Give the lines again, unchanged, starting with the line containing "Vtg. 1990 Precious" and ending with the last line of the data below.
********************
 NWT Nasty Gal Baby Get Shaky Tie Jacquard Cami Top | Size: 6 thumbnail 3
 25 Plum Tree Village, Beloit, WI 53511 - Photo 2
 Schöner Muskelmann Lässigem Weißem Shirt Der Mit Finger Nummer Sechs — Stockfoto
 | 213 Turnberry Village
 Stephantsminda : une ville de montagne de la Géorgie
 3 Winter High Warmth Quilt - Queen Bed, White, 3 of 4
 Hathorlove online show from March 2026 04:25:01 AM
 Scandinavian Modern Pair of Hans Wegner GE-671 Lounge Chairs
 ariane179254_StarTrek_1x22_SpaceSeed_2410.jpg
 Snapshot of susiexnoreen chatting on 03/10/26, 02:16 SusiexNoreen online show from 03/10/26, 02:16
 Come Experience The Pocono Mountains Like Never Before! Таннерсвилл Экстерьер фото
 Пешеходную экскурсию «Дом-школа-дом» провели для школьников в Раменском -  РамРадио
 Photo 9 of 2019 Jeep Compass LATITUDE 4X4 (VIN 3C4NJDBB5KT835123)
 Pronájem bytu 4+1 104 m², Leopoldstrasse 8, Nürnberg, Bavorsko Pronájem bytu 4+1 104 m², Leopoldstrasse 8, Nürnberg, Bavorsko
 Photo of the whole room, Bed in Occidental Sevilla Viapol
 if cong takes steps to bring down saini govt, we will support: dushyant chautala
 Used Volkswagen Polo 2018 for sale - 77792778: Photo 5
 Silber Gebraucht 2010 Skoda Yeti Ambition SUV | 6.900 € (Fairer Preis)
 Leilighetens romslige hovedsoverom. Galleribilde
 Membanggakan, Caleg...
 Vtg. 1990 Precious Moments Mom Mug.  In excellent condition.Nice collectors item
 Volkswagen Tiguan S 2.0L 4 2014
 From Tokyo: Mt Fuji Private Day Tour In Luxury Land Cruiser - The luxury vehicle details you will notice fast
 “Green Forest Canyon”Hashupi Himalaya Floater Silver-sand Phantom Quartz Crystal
********************
### Solution for this exercise
 Vtg. 1990 Precious Moments Mom Mug.  In excellent condition.Nice collectors item
 Volkswagen Tiguan S 2.0L 4 2014
 From Tokyo: Mt Fuji Private Day Tour In Luxury Land Cruiser - The luxury vehicle details you will notice fast
 “Green Forest Canyon”Hashupi Himalaya Floater Silver-sand Phantom Quartz Crystal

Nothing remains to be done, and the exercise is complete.